WHAT TO PRODUCE: Leave out pictures; repeat exactly the lines from the "Jogaana Namensposter" line through the last of the data below.

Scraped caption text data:
= Beginning of Section =

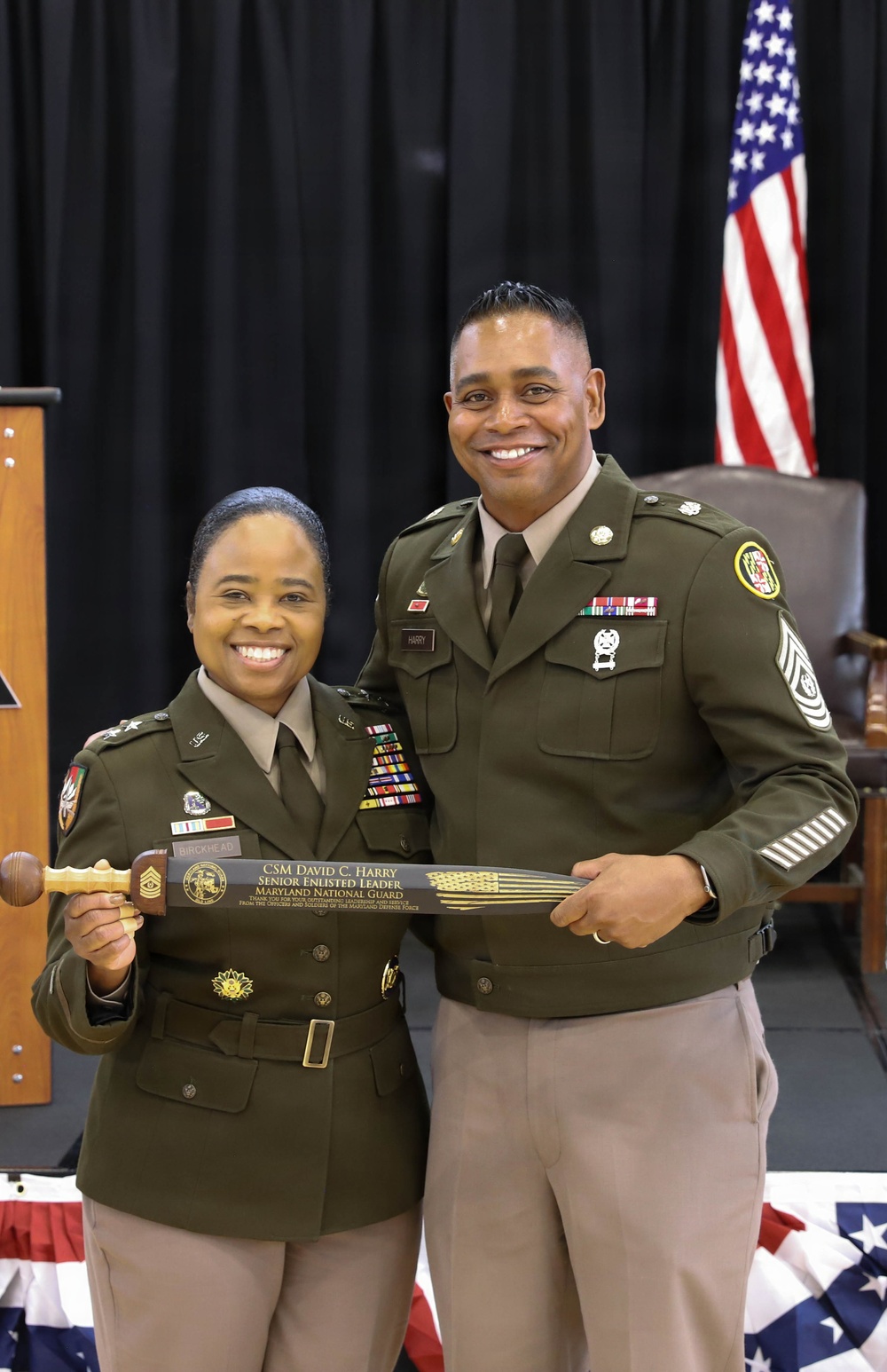 Maryland National Guard welcomes incoming command sergeant major and bids farewell to CSM David Harry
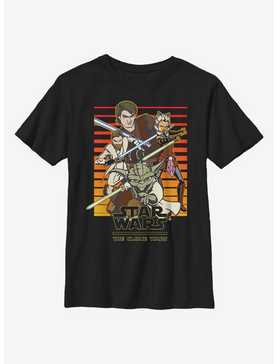 Star Wars: The Clone Wars Sun Setting Youth T-Shirt, , hi-res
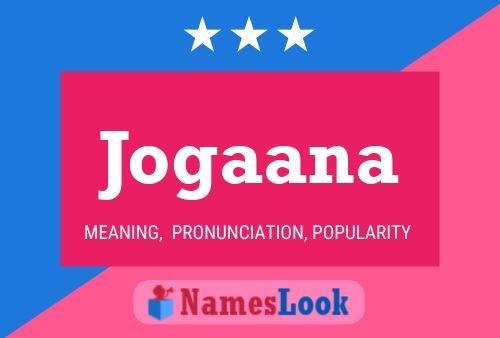 Jogaana Namensposter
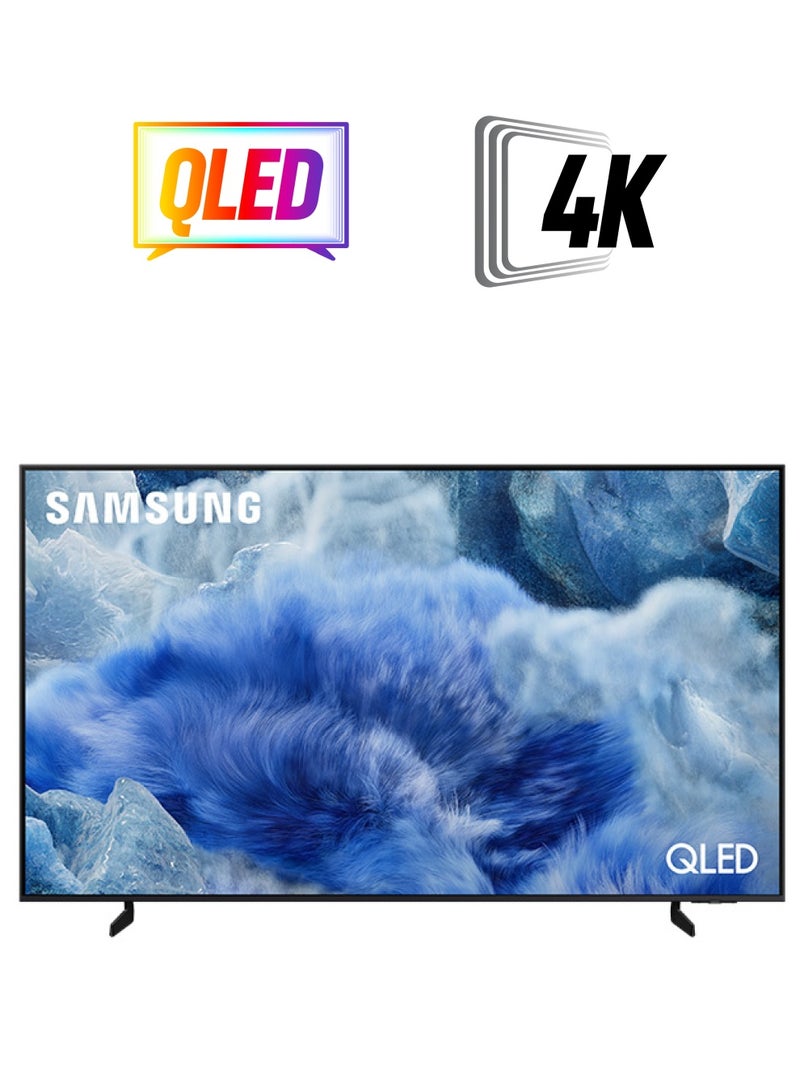 سامسونج 55 Inch QLED TV, Q8F, 4K, Q4 AI Processor, 100% Color Volume with Quantum Dot, AirSlim, Endless Free Content,  Vision AI Smart TV, QA55Q8FAAUXZN (2025 - UAE Version) Q8F BLACK  - Image 1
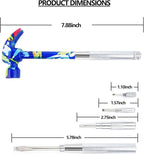 6-in-1 Multifunctional Flower Hammer with Screwdriver Tool Set, Anti-Corrosion and Anti-Rust with Slotted and Nut Driver Garden Tools Nail Puller & Claw Mac, Thanksgiving Christmas Gift(blue)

= End of Section =

OUTPUT:
 Jogaana Namensposter
 سامسونج 55 Inch QLED TV, Q8F, 4K, Q4 AI Processor, 100% Color Volume with Quantum Dot, AirSlim, Endless Free Content,  Vision AI Smart TV, QA55Q8FAAUXZN (2025 - UAE Version) Q8F BLACK  - Image 1
 6-in-1 Multifunctional Flower Hammer with Screwdriver Tool Set, Anti-Corrosion and Anti-Rust with Slotted and Nut Driver Garden Tools Nail Puller & Claw Mac, Thanksgiving Christmas Gift(blue)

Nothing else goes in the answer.